Thursday, September 6, 2018

Welcome to Rhetoric and Civilization!

This blog is for students of English 212, "Rhetoric and Civilization" held Fall semester 2018 at Brigham Young University, taught by Dr. Gideon Burton.

Blog Purposes
  • Responding to readings
  • Exploring the themes for a given historical period
  • Raising topics and bringing in sources from self-directed learning
  • Developing content regarding a focused topic for an end-of-semester, "finished" post
  • Learning to use a 21st century communications platform, especially to bring in social and multimedia aspects of education.
The blog is not a digital dropbox by which an individual student delivers homework to the instructor.

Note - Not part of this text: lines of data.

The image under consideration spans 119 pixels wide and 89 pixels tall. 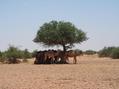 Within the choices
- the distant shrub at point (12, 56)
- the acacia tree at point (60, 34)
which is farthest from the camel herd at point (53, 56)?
the distant shrub at point (12, 56)

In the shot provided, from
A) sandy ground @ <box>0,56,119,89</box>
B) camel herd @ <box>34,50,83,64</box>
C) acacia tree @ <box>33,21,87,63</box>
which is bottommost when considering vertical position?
sandy ground @ <box>0,56,119,89</box>

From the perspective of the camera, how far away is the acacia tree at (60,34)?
Result: 47531mm

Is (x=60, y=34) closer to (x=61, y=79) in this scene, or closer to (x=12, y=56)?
(x=12, y=56)

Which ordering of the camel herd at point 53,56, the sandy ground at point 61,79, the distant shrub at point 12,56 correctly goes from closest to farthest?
1. the sandy ground at point 61,79
2. the camel herd at point 53,56
3. the distant shrub at point 12,56

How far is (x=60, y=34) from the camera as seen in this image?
1875 inches

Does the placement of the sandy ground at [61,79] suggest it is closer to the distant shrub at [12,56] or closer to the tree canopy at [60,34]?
the tree canopy at [60,34]

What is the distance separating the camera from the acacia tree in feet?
156

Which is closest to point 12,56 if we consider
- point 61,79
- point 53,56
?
point 53,56

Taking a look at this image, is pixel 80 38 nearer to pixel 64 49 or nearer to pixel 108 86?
pixel 64 49

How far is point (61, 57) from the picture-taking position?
46.8 meters

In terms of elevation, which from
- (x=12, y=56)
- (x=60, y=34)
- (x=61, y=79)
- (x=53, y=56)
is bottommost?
(x=61, y=79)

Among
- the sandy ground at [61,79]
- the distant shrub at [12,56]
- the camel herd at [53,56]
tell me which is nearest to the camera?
the sandy ground at [61,79]

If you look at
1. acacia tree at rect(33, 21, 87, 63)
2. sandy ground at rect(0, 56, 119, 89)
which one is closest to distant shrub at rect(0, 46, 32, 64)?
acacia tree at rect(33, 21, 87, 63)

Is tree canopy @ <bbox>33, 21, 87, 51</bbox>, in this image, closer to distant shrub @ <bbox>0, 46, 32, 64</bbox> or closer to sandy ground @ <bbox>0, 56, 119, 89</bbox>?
distant shrub @ <bbox>0, 46, 32, 64</bbox> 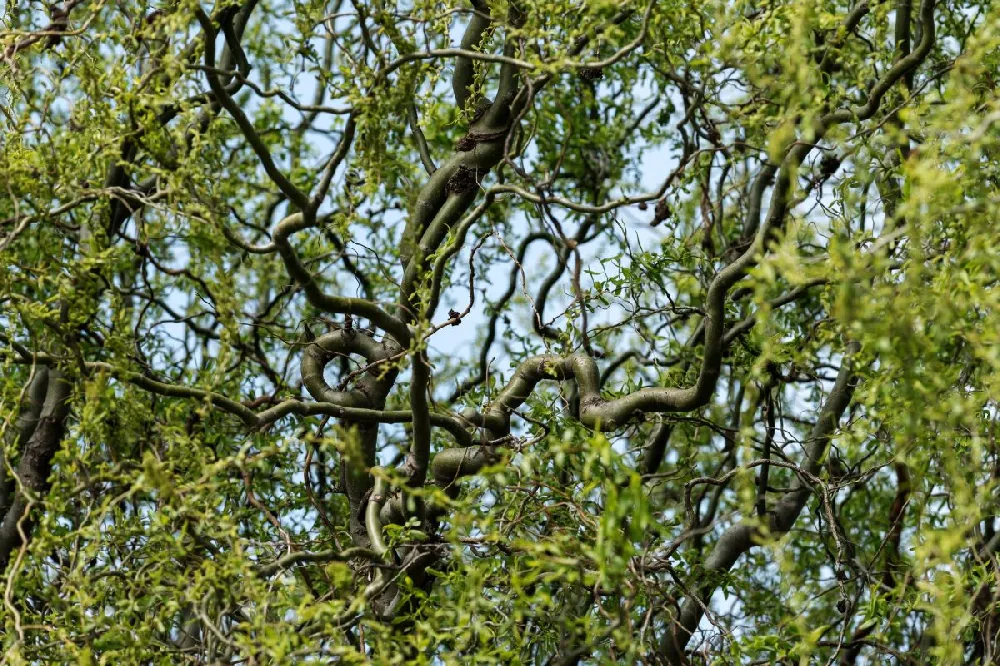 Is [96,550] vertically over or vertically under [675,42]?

As detailed below, students will be required to read an respond regularly to one another's posts, providing an opportunity to profit from fellow student's independent learning and to refine their own thinking.

Regarding the specifics of the blogging assignment...
Blogging Assignment
Each week students will post, read the blog, and comment/discuss.
  • Posting
    Twice each week students will put up a blog post related to the current unit in the course, or connecting the current period to other periods. (Be sure that you follow the blogging guidelines document to be sure you meet criteria.) Posts are due Wednesdays and Saturdays by midnight. (Some may prefer to post by Friday to avoid having homework on the weekend.) Meet these deadlines so that other students will have time to read and respond to your posts.
  • Reading the Blog
    Read our course blog in a calculated way:
    --Read any instructor posts in full
    --Do not only visit the blog to put up your post. Budget time to read the blog (efficiently, as described below). As the blog grows, try using the labels (listed in the right column) to navigate to similar posts.
    --Skim the other posts as they go up, noting post titles, any media, or subheadings. Ask yourself, "Do I have a general sense of the topics/themes/events/people/works that classmates are discussing?" and "Am I getting a more complete sense of the outlined themes or key people/events/works for the period in question?" and perhaps "Could any of these be starting points for me for my own self-directed learning or my main post?"
  • Commenting and Discussing
    Students should read and comment on at least three other students' posts twice weekly. Comments are due Tuesdays and Thursdays by 11am. Again, follow the blogging guidelines document in order to comment well.
    --Although you can comment on others' posts at the same time that you put up your main post, consider reading the course blog and commenting prior to you posting (or even before doing your reading). You might even end up developing your main post as a response to another person's post. Also, consider returning to the blog later after others have commented (and perhaps continue prior conversations).
    --Search out posts that have not had comments and try to leave comments there, especially if you can bring another student's posts into the conversation somehow.
For details on what you should include in your post, see the blogging guidelines.